Neste contexto, o ajuste fiscal evoluindo reduziria as pressões sobre a política monetária, abrindo espaço para o juro ser reduzido ao longo de 2016, assim como a inflação cedendo e o consumo retomando. Esta, aliás, era a estratégia da equipe econômica no início de 2015. Dar uma avançada na área fiscal, sanear as contas, limpar as barbeiragens (pedaladas), para desanuviar o ambiente de crise, reduzindo a volatilidade nos mercados de ativos, assim como estabilizando a taxa de câmbio e, por fim, a inflação.
Superada esta fase, seriam recolocadas em pauta a agenda de reformas estruturais, começando pela da Previdência, passando pela Tributária, pela Trabalhista, pela reforma do Estado, só para ficarmos nas mais urgentes. Até tivemos algumas discussões recentes, como a readequação de alguns direitos trabalhistas e previdenciários, o fim do “fator previdenciário”, a criação do “vetor 85/95”, etc. No front tributário, lembraríamos da reforma do ICMS, em debate, mas parada pelo impasse na compensação aos governos regionais. Todas estas medidas, todos estes movimentos até aqui, no entanto, ainda são insuficientes. Muito ainda precisa ser feito. Poderíamos lembrar do fim da aposentadoria “por tempo de contribuição”, da definição de idade mínima para aposentar, na tributária da necessidade de maior simplificação na malha e na retirada de impostos que afetam a produtividade da economia.

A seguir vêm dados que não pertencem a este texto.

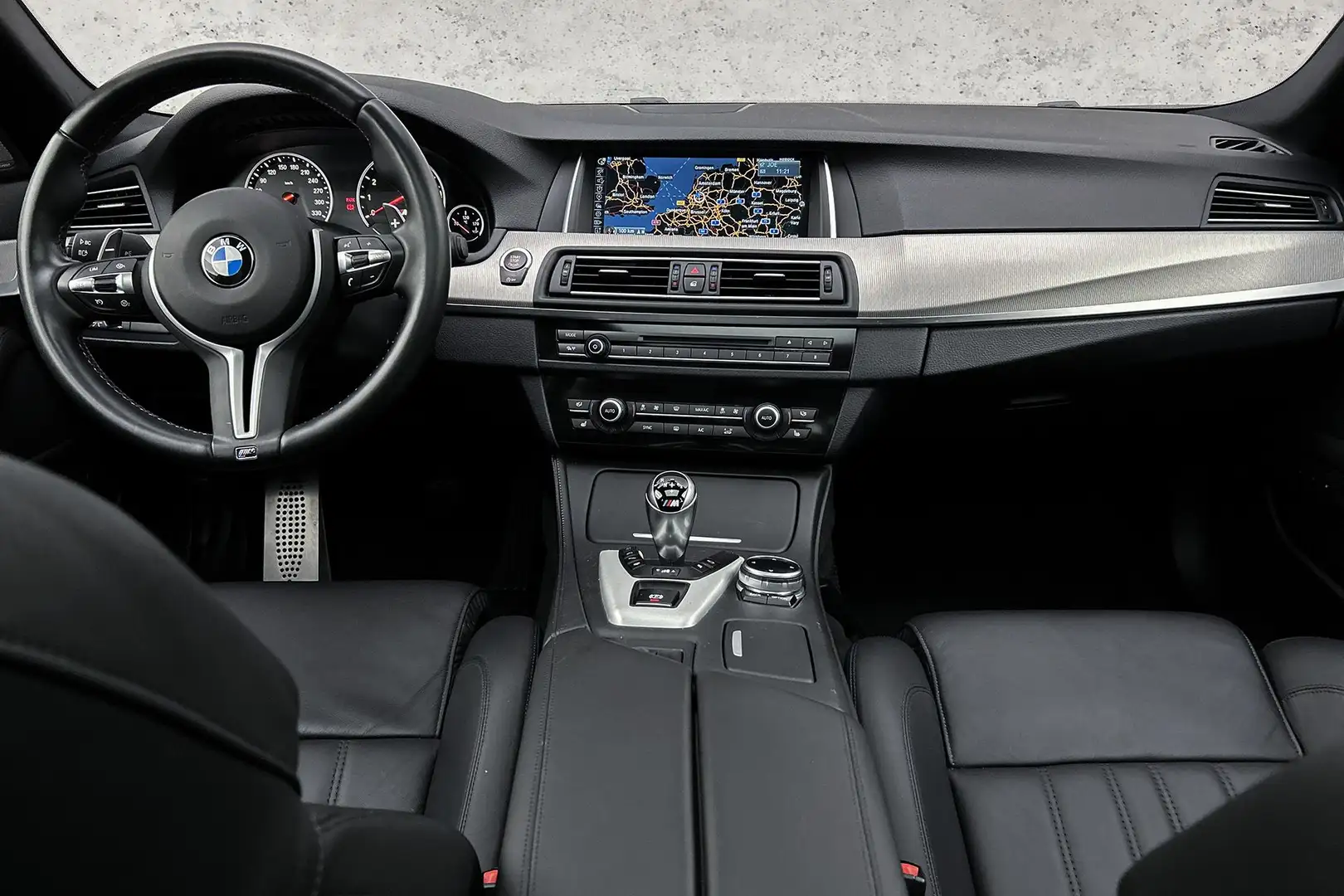 BMW M5 5-serie Competition Package | Weinig KM`s | Elektr Zwart - 2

Concluindo, poderíamos resgatar Joaquim Levy, num dos seus embates contra a desconfiança de alguns quadros do PT e outros mais afoitos, dos seus ajustes: ”a segurança fiscal, que diminui os temores das pessoas e dá visibilidade ao futuro, é a base das outras ações para o desenvolvimento”. Por estes dias, Levy, quando indagado se continuaria ou não no governo disse “vamos navegando”. Até quando não se sabe.